Periodic Reporting for period 1 - HYDRO-CLUSTER (Micro-Hydration of Atmospheric Molecular Clusters)
Okres sprawozdawczy: 2023-06-01 do 2025-05-31
Secondary aerosol formation begins with the creation of molecular clusters via collisions between atmospheric molecules, including water. These clusters can then grow into stable aerosol particles. However, the exact role of water in the early stages of new particle formation (NPF) remains poorly understood. This is mainly due to experimental limitations in detecting water in small molecular clusters; particularly with widely used instrumentation such as chemical-ionization atmosphere-pressure-interface time-of-flight mass spectrometry (CI–APi–ToF MS), in which water typically evaporates before detection. Furthermore, humidity can influence the stability of these clusters and alter particle formation rates by more than two orders of magnitude. Despite water being one of the most abundant atmospheric molecules, its role in new particle formation remains largely unresolved.
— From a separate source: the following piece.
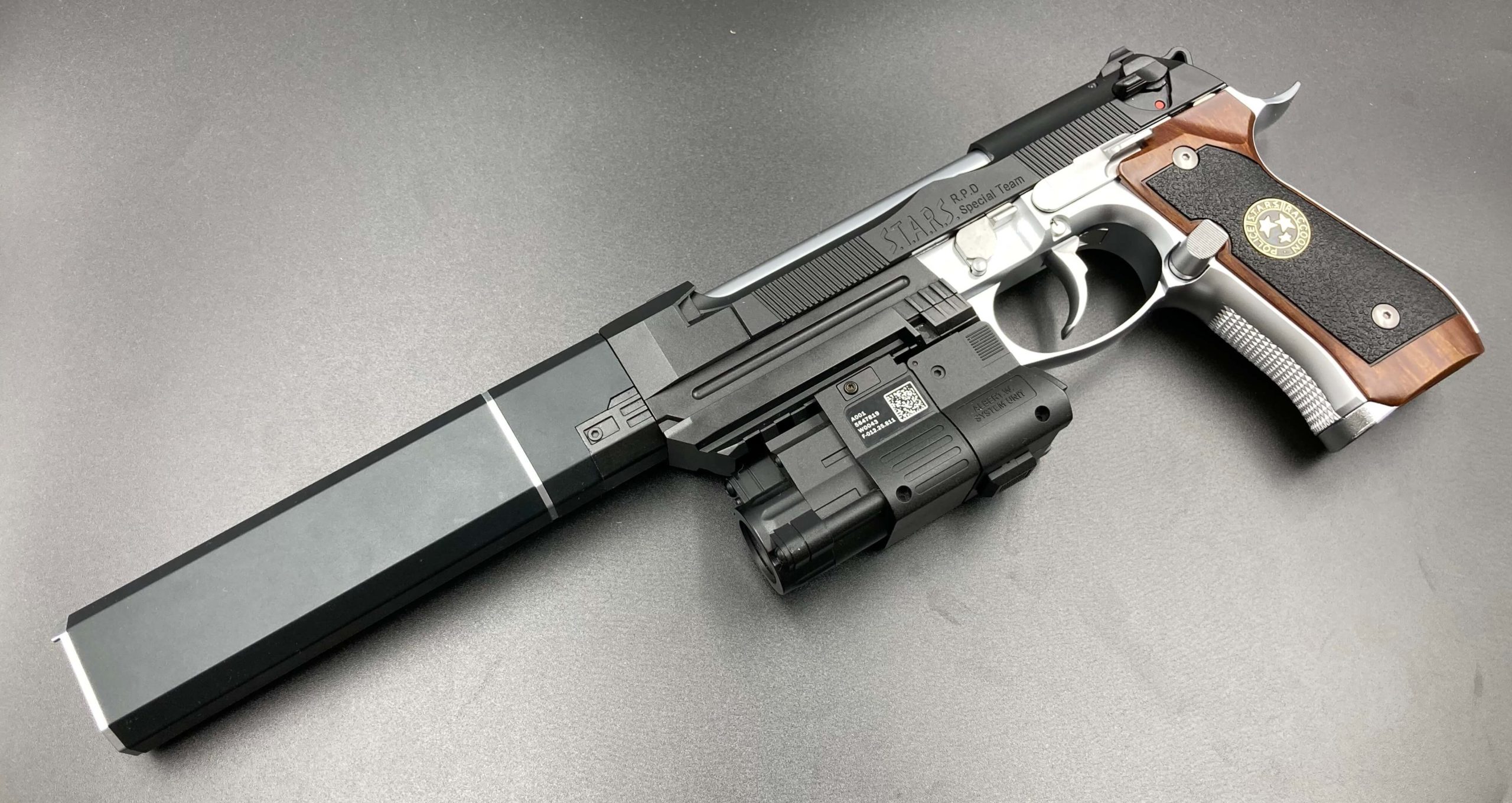 サムライエッジ ウェスカーモデル01をレビュー！バイオハザード7で活躍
The primary objective of this MSCA research fellowship is to establish a robust theoretical framework for accurately modelling the role of water in atmospheric new particle formation. This will be achieved by developing advanced machine-learning (ML) methods trained on high-level quantum chemical (QC) data. These ML models will enable efficient, large-scale molecular dynamics simulations to reveal the detailed dynamics and thermodynamics (e.g. evaporation and fragmentation) of molecular clusters containing water. Moreover, in this work, we want to go even beyond the state of the art and question whether the statistical thermodynamics used on top of quantum chemistry calculations really well-describes weakly bound molecular clusters such as those containg water as water typically bind weakly compared to other strongly binding new-particle formation precursors.
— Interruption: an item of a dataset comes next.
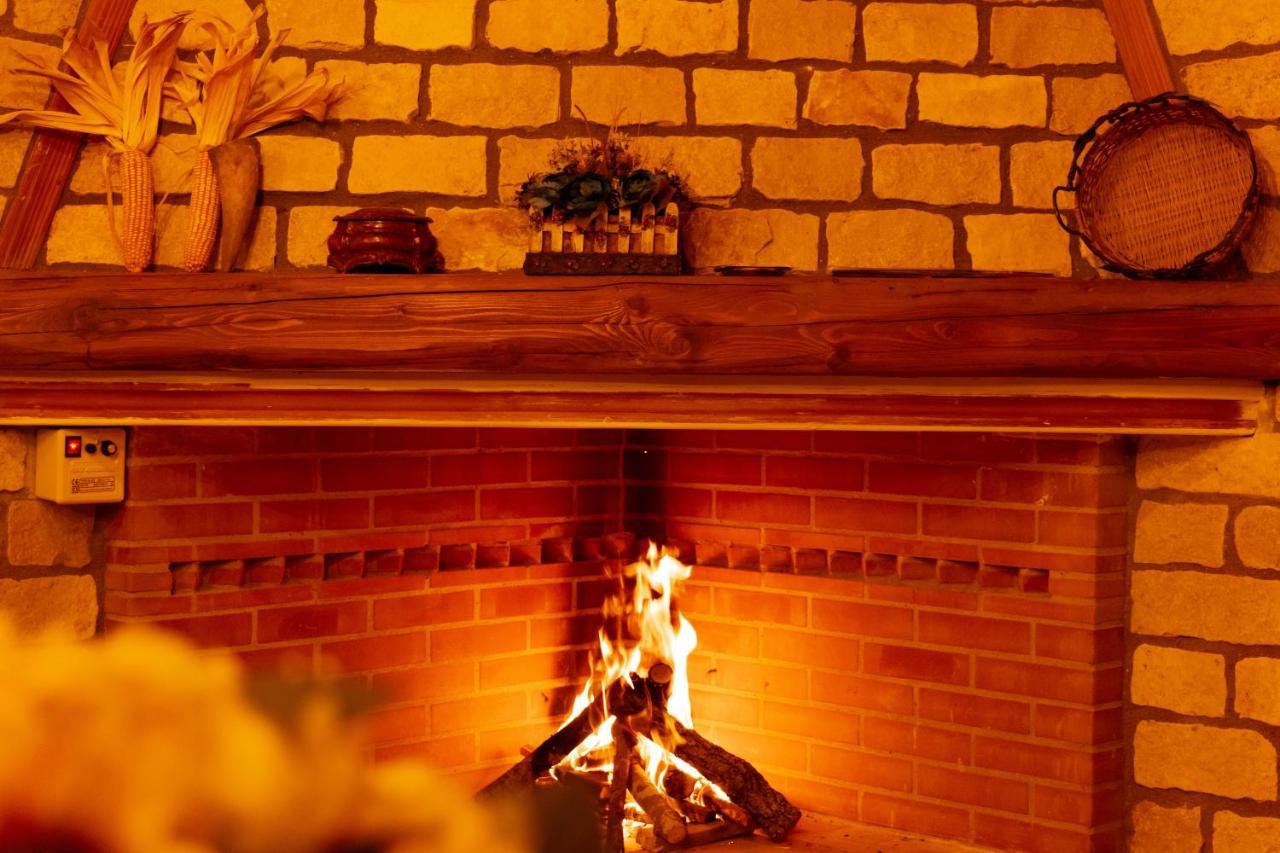Agriturismo Casa Chiara Latina Eksteriør billede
In summary, this research will deliver new theoretical insights and computational tools to tackle one of the central unresolved problems in atmospheric science, with broad implications for climate modelling, public health, and evidence-based policymaking.
Additionally, we mapped the potential energy surfaces (PES) of small hydrated clusters, identifying limitations in traditional structure comparison techniques (e.g. RMSD). We introduced a kernel-based similarity metric (modified FCHL kernel implemented within QML) that more reliably distinguishes cluster configurations. These studies reveal shallow energy barriers between conformers, indicating rapid interconversion and thus enhanced thermodynamic stability through entropic effects. This, of course, highlighted the enormous need for a different technique that would capture the anharmonic vibrations and fast interchangeability between the numerous minima. Therefore, we searched for dynamics technique to capture these trends.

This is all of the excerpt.